La niña lee, es decir: busca con sus manos, su respiración y sus pies un lugar que no reconoce, ése tiempo que no ha vivido, las palabras que no posee ni pronunció todavía.
Mientras lee se mueve a veces como pájaro y otras como serpiente o hechicera, porque al leer descubre cuánto las palabras pueden resonar a páramos o a praderas o castillos de nubes crecientes.
En su boca hay unos sonidos mudos, indecisos, a la espera de un viento que sacuda y arranque las raíces del enigma o de una tenue brisa que la ayude a percibir el relieve del sitio donde, al fin, se desencadenará la rabia, la indiferencia o la obstinada dicha.

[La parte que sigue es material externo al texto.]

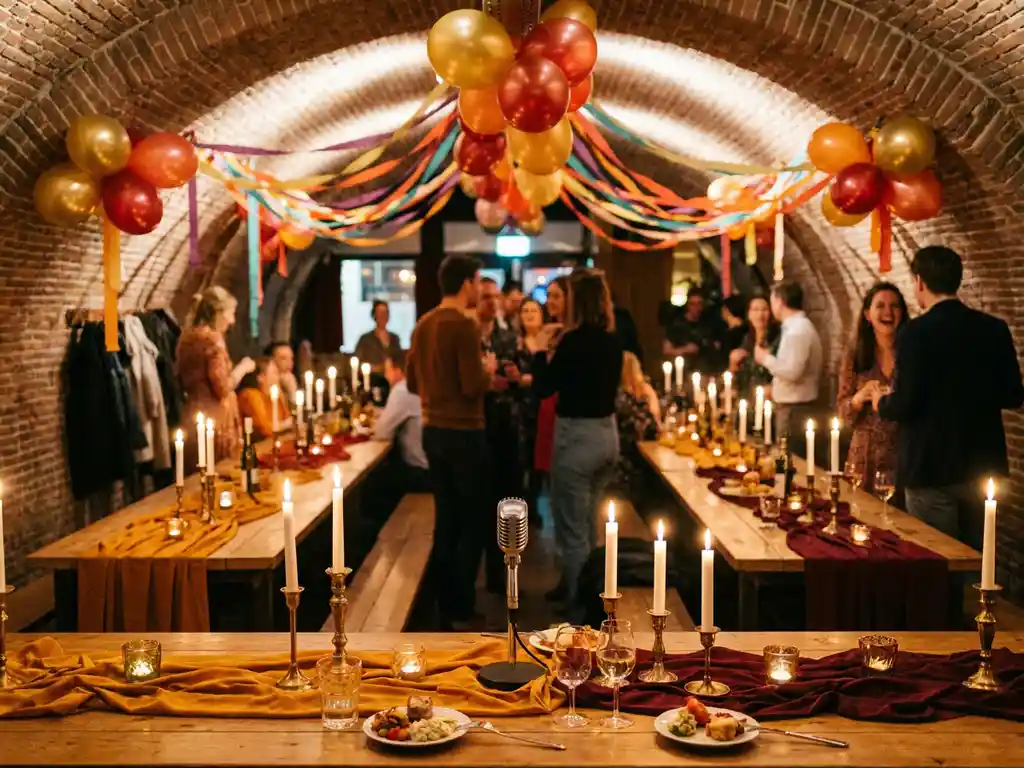 Feestelijk versierde Amsterdamse kanaalkroeg met lange tafels, gouden kaarslicht, slingers en ballonnen aan gewelfd bakstenen plafond.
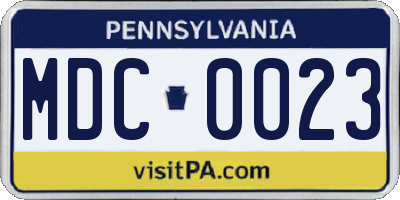 PA license plate MDC0023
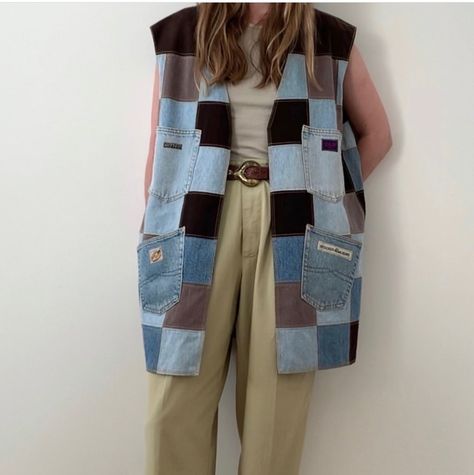 Flannel Vest Diy, Patchwork Vest Pattern, Western Upcycle, Flannel Vest, Patchwork Vest, Duster Vest, Cargo Vest, Patchwork Denim, Jean Vest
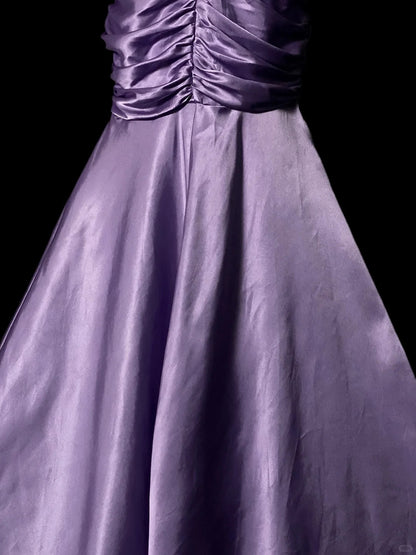 Vintage Prom Dresses 1950s Mermaid One Shoulder Purple Satin Floor Length Sleeveless Evening Formal Outfits RB4930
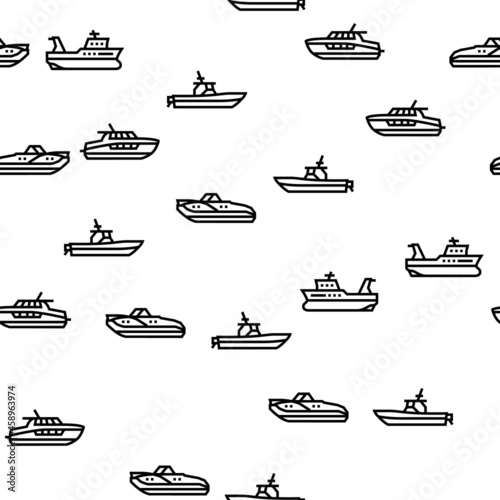 Boat Water Transportation Types Vector Seamless Pattern Thin Line Illustration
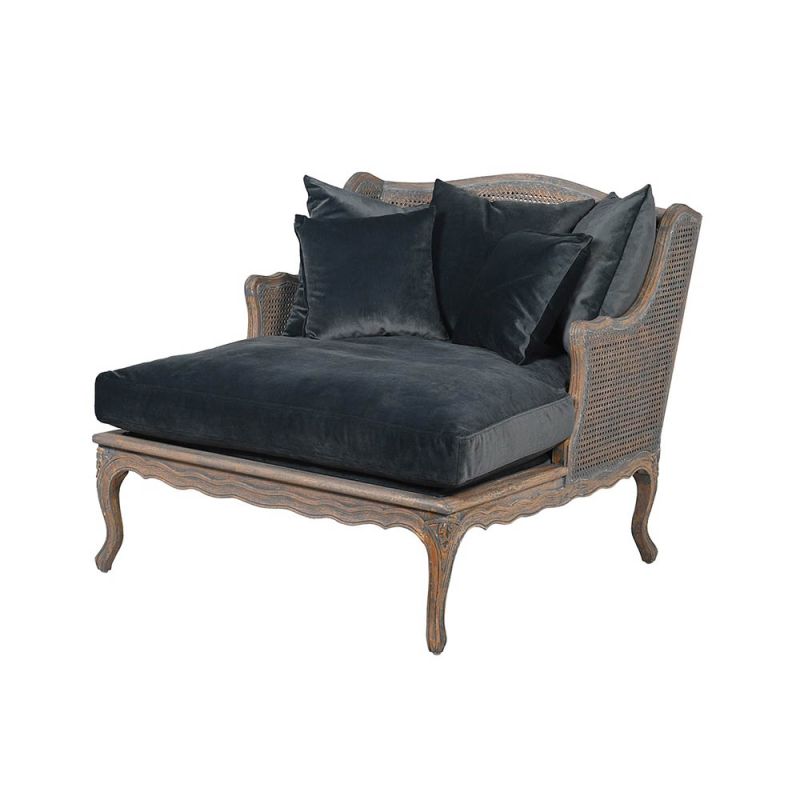 Madeline Rattan Chaise - Charcoal Velvet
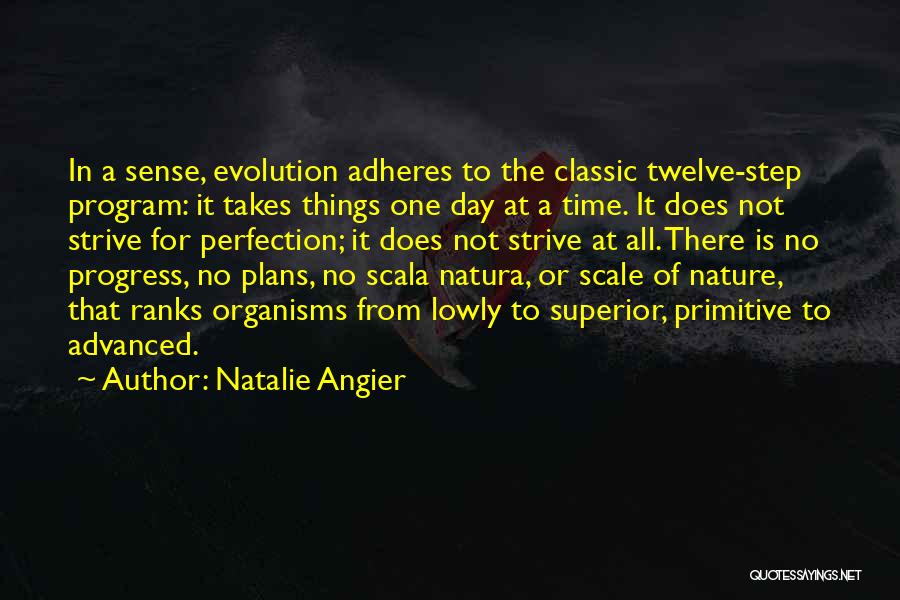 Natalie Angier Quotes: In A Sense, Evolution Adheres To The Classic Twelve-step Program: It Takes Things One Day At A Time. It Does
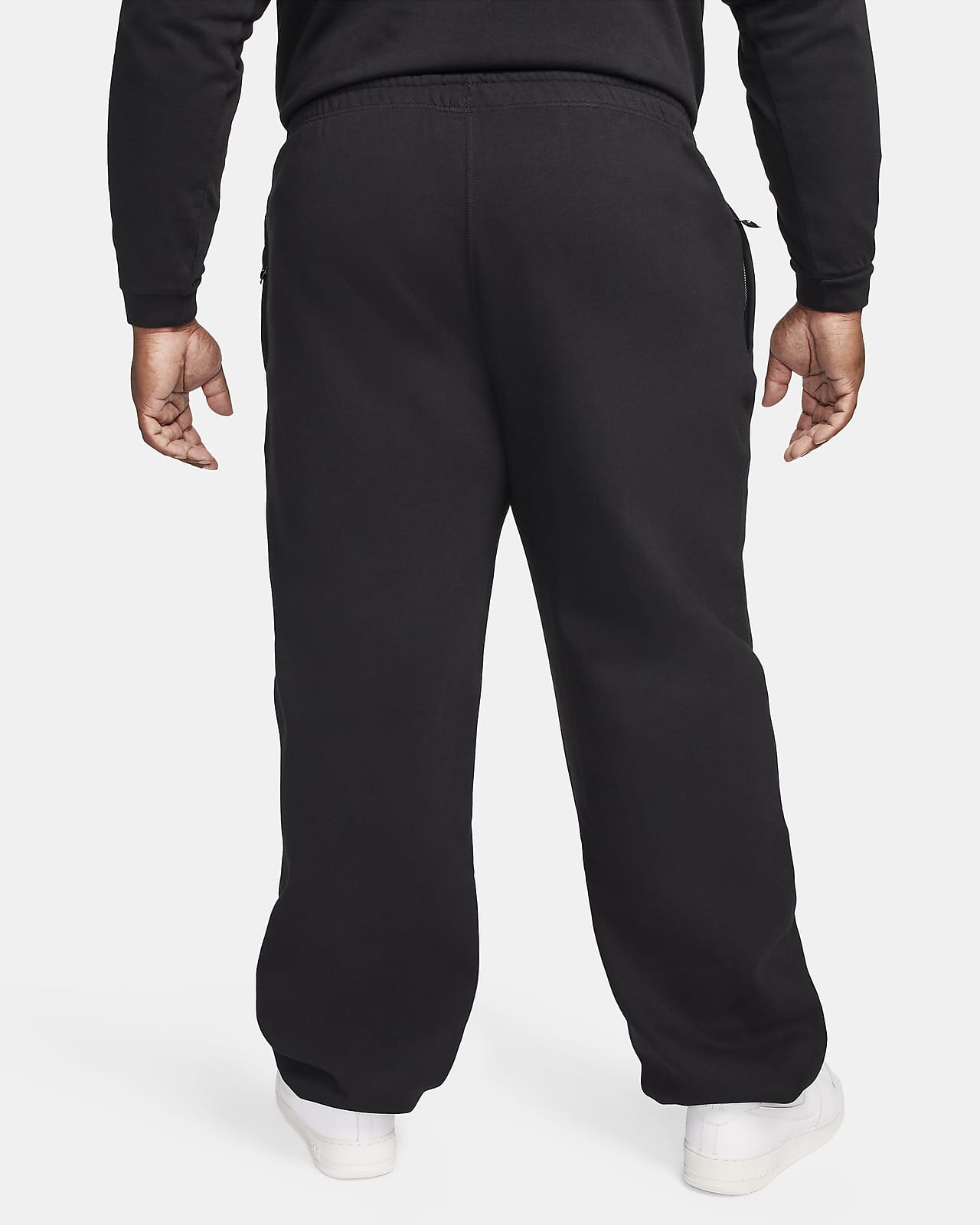 Jogger Pants Nike Solo Swoosh Men's Open-Hem Brushed-Back Fleece Pants  Black/ White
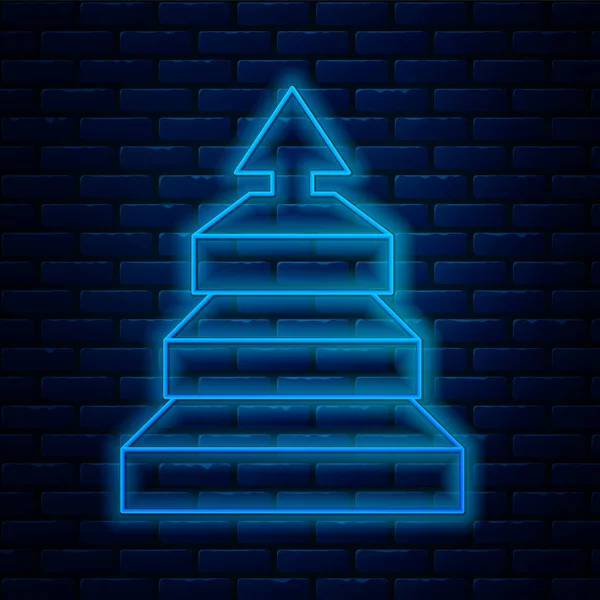 Іконка Інфографіки Діаграми Бізнес Піраміди Світиться Ізольована Фоні Цегляної Стіни — стоковий вектор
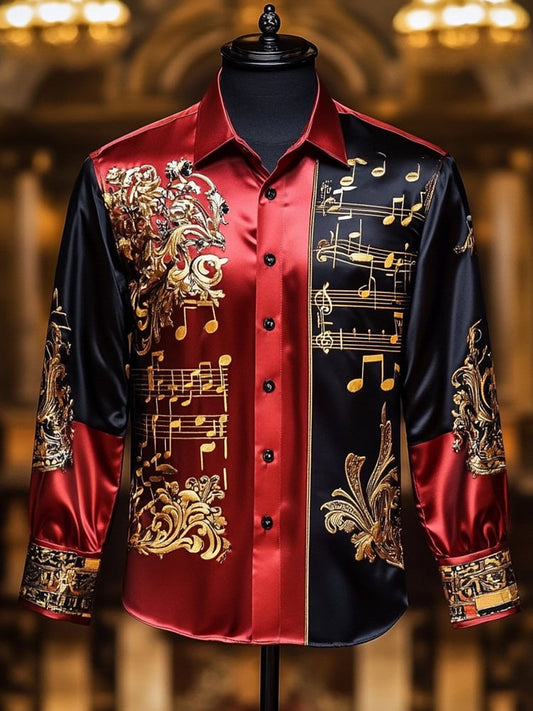 Men's Satin Luxe Long Sleeve Button Down Shirt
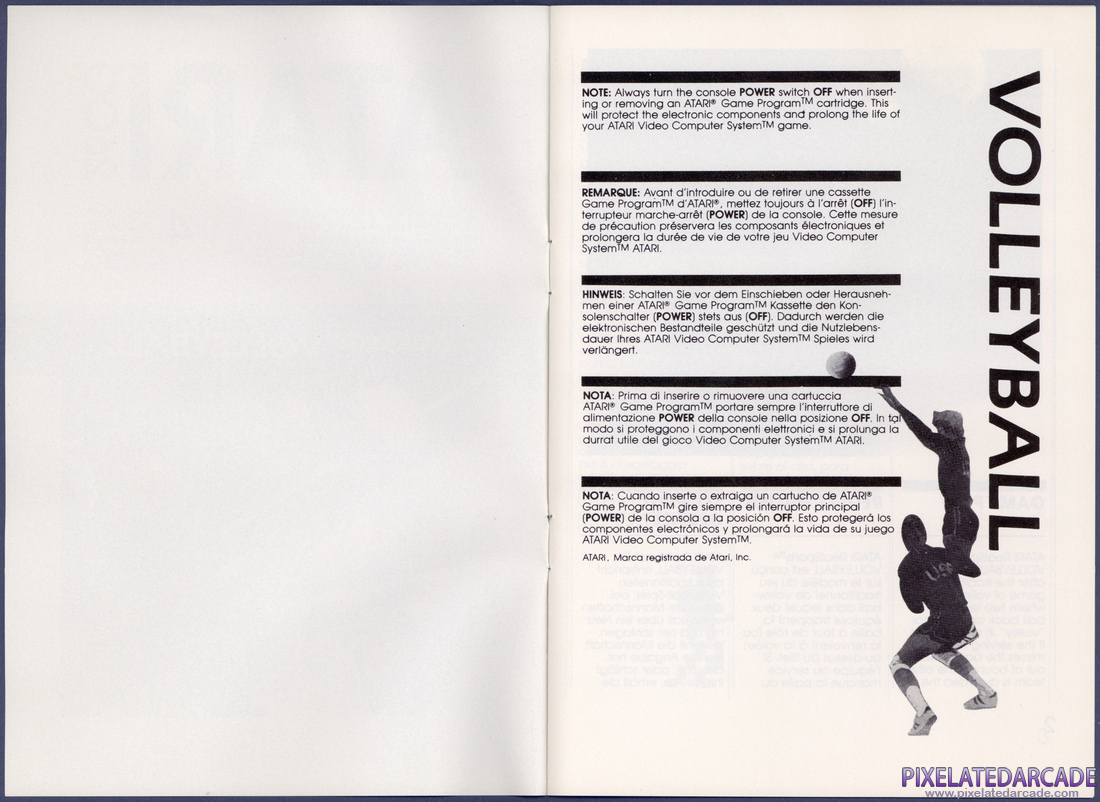 RealSports Volleyball: Instruction Manual - Page 2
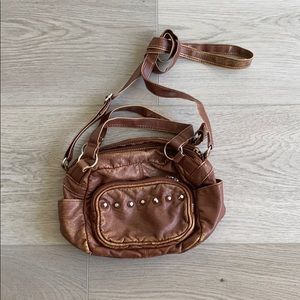 Brown fux leather bag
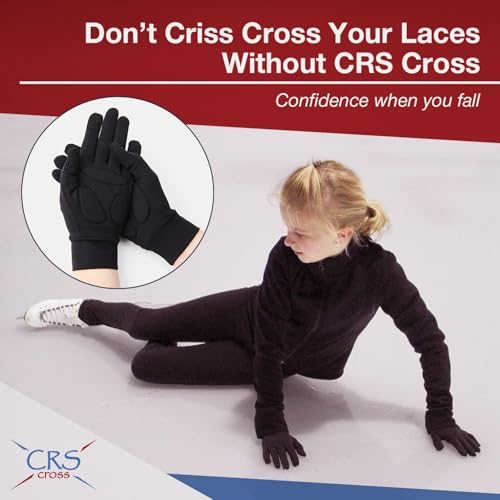 CRS Cross Padded Ice Skating Gloves. Warm Padded Protection for Figure Skating Testing, Practice, Dance Competitions, Roller Skaters and Cheerleading. - color: Black, size: Ladies Small/Medium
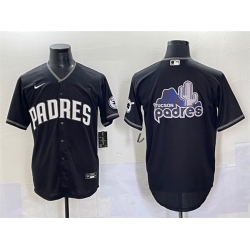 Men San Diego Padres Team Big Logo Black Stitched Baseball Jersey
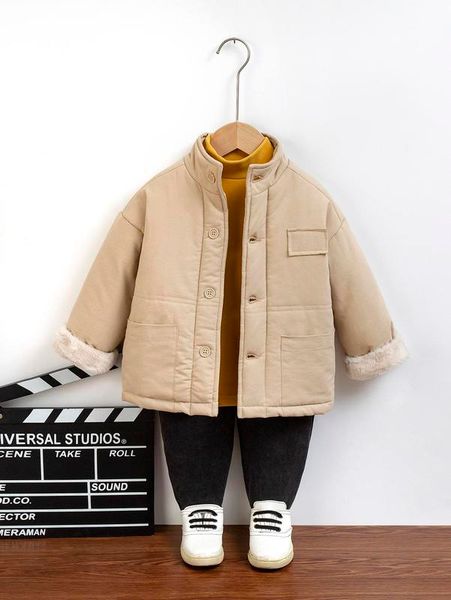 

toddler boys 1pc double pocket fuzzy cuff drop shoulder coat she, Blue;gray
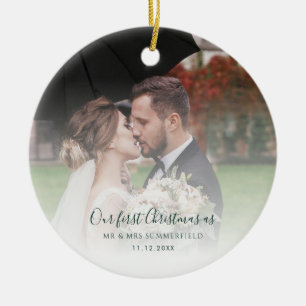 Adorno De Cerámica Fotos de Boda 1er Navidad como Señor y Señora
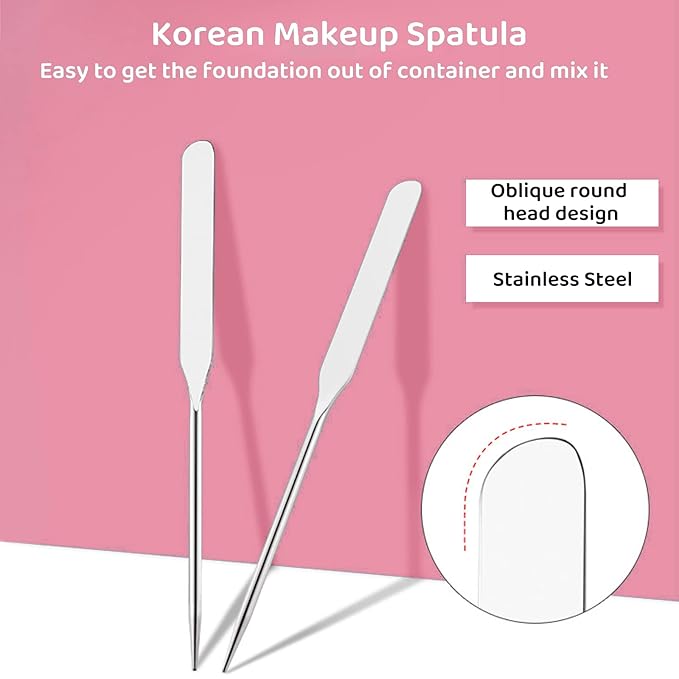 Makeup Mixing Palette, KissDate Korean Spatula Makeup Palette with Foundation Spatula, Stocking Stuffers Christmas Gifts for Women Stainless Steel Picasso Makeup Spatula Mixing Tray Makeup Mixer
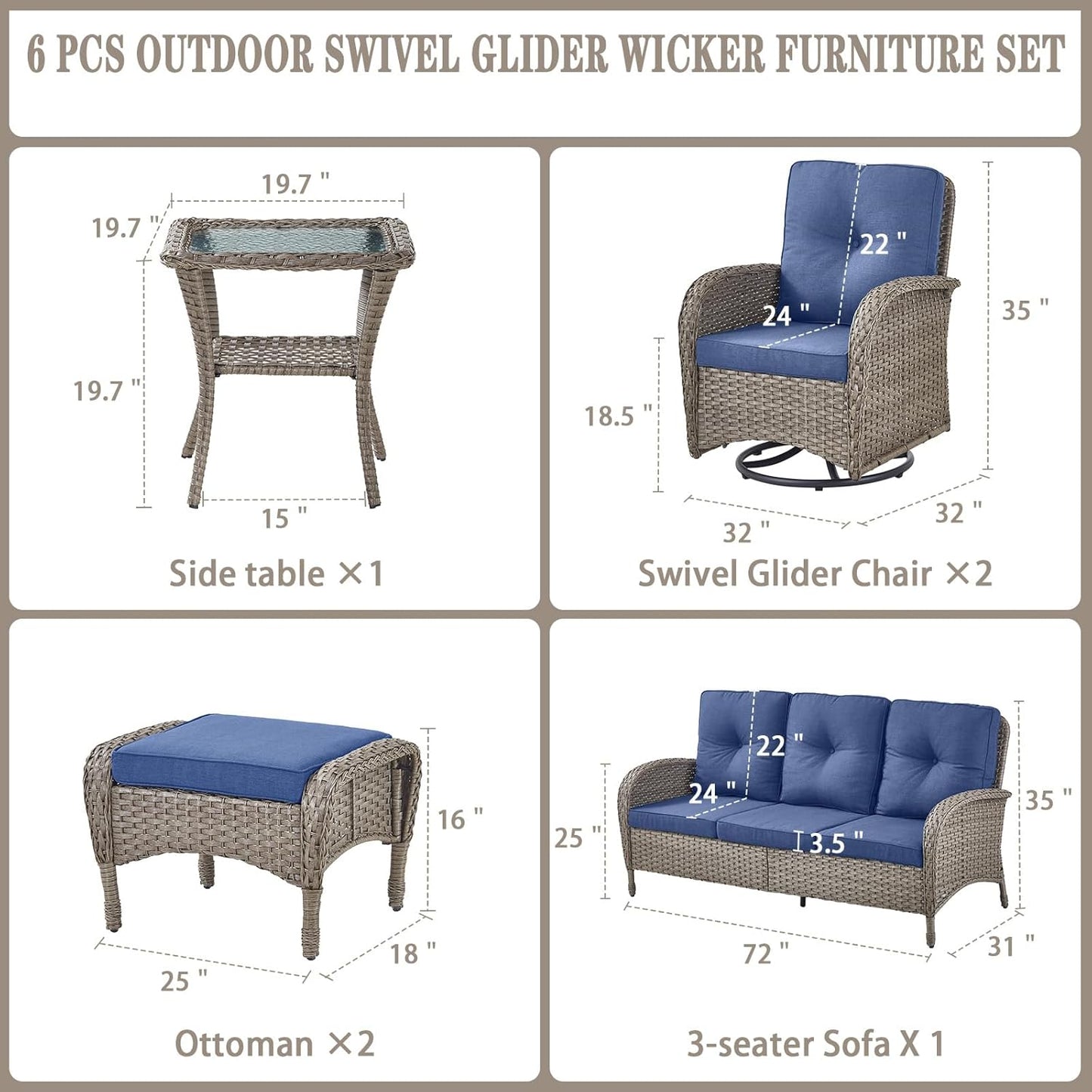 6 Pieces Wicker Patio Furniture Set - Swivel Rocker Outdoor Chairs with Outdoor Couch and Side Table, All-Weather Patio Conversation Set for Deck Sunroom Backyard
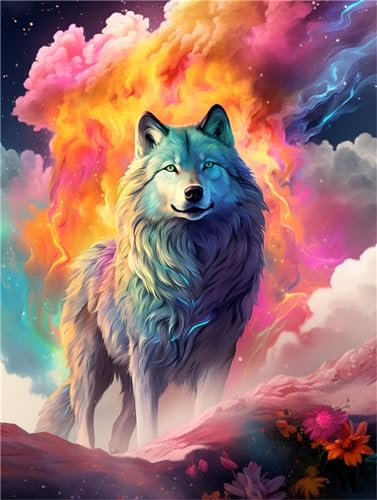 AMBATTERY Knüpfteppich Fantasie-Wolf Knüpfteppich Zum Selber Knüpfen Erwachsene Anfänger Knüpfen Set Kissen Knüpfkissen Mit Vordruck Handarbeit Set Für Erwachsene 31x45in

La niña insiste en recorrer el libro como si se tratara de un cuerpo desnudo: toca las hojas en su canto grueso, desliza los dedos hasta encontrar el contorno de una flor, acaricia los espacios vacíos, roza el texto de lado a lado hasta encontrar sus propias palabras.
Cuando apoya el libro y lo cierra con una lentitud de amante, permanece sentada, anonadada, absorta: como si terminar una lectura fuese una forma de dolor o de tensa espera.
La niña es ciega.
Y lee porque es niña, no porque es ciega.